AIM OF THE EXERCISE |
All of the data that follows should be retyped exactly, please, except the pictures.

DATA SHOWN |
>>>

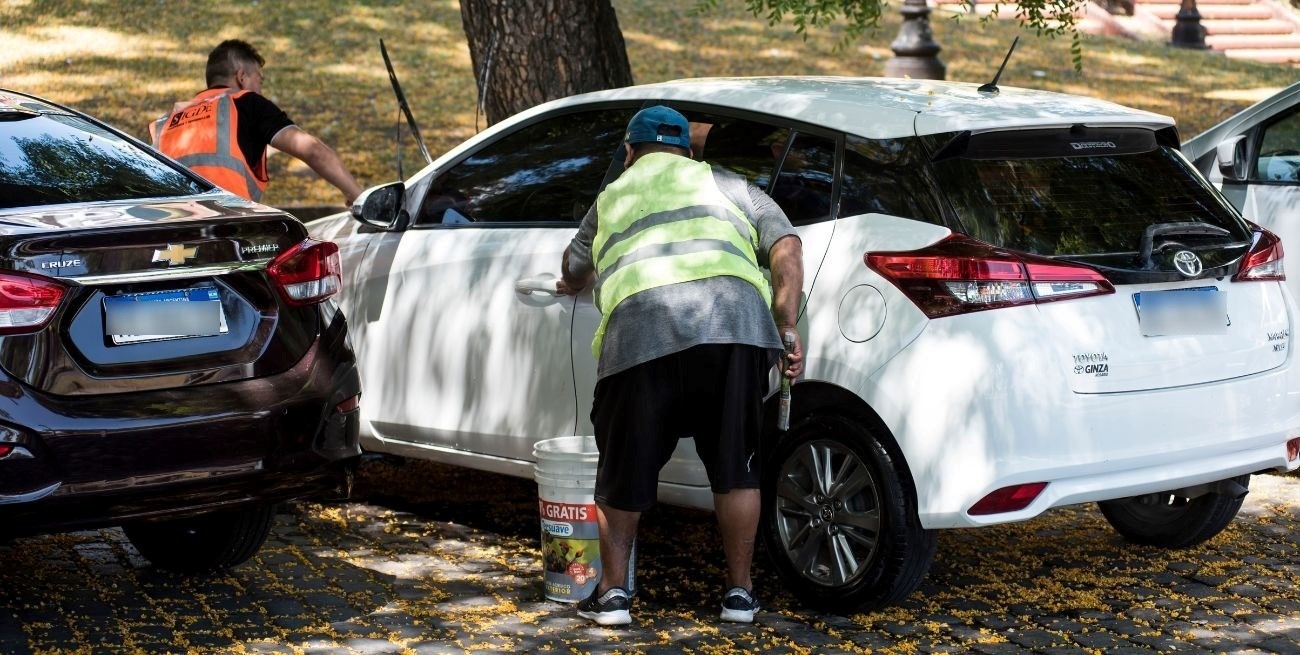 Cómo abordará el municipio la presencia de cuidacoches tras su prohibición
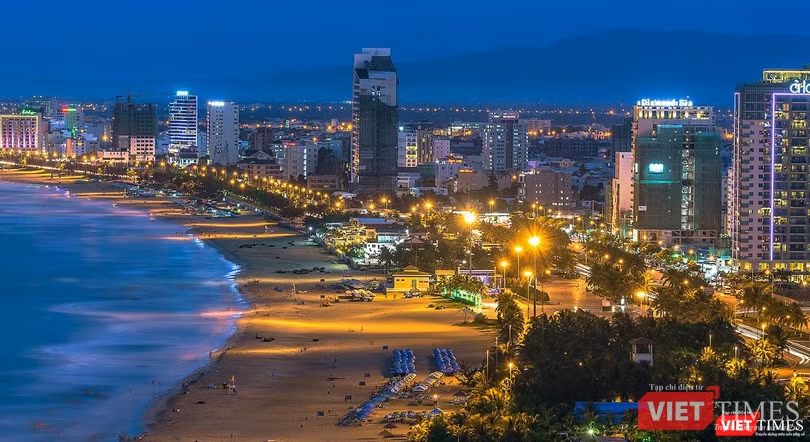Biển du lịch Đà Nẵng về đêm Biển du lịch Đà Nẵng về đêm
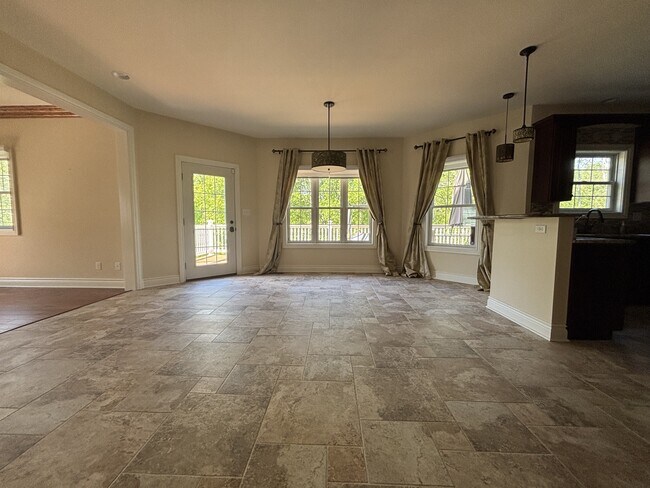 Building Photo - 116 Marco Polo Dr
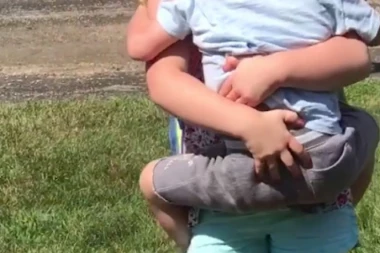 (VIDEO) DA TI SE SRCE ISTOPI: Ima li išta slađe od ove ljubavi?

<<<

RESPONSE BELOW |
 Cómo abordará el municipio la presencia de cuidacoches tras su prohibición
Biển du lịch Đà Nẵng về đêm Biển du lịch Đà Nẵng về đêm
 Building Photo - 116 Marco Polo Dr
 (VIDEO) DA TI SE SRCE ISTOPI: Ima li išta slađe od ove ljubavi?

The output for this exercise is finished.